The cigarette companies also argue that smokers are being unfairly taxed. But average total federal and state cigarette tax per pack is only $1.08 per pack, compared to the CDC estimate that nationwide smoking-caused healthcare and productivity costs $7.18 per pack. The fact is that low cigarette taxes are unfair to nonsmokers who must help pick up the tab for tobacco-caused health care costs and other smoking-caused costs. The CDC estimates total annual public and private health care expenditures caused by smoking at more than $75 billion. This amount includes $23.5 billion in smoking-caused costs paid for by state Medicaid programs – and rising Medicaid expenditures have been a key component of many states current budget problems. Overall, U.S. households pay, on average, $550 per year just to cover federal and state government smoking-caused expenditures. Clearly, current state cigarette taxes revenues do not come close to matching the massive smoking-caused costs that burden every state.

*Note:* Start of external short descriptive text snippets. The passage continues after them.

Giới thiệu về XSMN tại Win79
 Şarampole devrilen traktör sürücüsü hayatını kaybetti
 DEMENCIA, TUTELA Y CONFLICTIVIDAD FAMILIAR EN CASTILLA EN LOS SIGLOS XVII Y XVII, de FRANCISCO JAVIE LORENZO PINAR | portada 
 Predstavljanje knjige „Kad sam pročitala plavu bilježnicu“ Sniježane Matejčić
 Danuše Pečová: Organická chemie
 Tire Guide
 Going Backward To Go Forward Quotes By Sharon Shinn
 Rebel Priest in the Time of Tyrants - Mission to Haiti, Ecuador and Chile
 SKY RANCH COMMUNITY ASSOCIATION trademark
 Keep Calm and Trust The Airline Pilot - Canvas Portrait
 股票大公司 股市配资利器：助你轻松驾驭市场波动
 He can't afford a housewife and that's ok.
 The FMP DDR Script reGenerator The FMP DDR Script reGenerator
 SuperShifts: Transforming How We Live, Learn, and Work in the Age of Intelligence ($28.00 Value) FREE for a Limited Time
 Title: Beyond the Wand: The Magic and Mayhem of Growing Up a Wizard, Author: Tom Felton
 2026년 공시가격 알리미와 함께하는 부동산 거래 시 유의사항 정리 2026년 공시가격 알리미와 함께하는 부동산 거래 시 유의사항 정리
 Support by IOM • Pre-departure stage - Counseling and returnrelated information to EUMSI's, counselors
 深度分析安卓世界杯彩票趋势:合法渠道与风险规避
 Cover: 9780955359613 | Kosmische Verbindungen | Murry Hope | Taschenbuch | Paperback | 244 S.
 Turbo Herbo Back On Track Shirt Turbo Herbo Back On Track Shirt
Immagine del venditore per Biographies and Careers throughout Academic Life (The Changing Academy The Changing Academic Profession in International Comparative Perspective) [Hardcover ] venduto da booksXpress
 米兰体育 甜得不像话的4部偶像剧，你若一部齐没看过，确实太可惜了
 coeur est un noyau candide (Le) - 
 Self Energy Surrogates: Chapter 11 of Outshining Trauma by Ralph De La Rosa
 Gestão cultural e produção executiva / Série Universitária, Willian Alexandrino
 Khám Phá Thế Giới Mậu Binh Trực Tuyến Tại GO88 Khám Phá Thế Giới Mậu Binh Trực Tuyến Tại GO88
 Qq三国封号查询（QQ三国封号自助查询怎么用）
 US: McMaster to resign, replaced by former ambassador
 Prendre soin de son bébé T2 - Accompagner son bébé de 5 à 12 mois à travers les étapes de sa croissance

Because of space constraints, this memorandum does not address the big cigarette companies' many other arguments against state tobacco tax increases. For a list of those arguments and a clear and concise presentation of their shortcomings, please see the Campaign for Tobacco-Free Kids factsheet at http://tobaccofreekids.org/research/factsheets/pdf/0227.pdf.

A new study by Research Triangle International, 'State Cigarette Excise Taxes: Implications for Revenue and Tax Evasion,' is available at http://www.rti.org/pubs/8742_Excise_Taxes_FR_5-03.pdf. More information about state cigarette tax increases and the benefits from raising them can be found at http://tobaccofreekids.org/reports/prices. If you have any questions or would like additional information, please call Tony Iallonardo at 202-296- 5469.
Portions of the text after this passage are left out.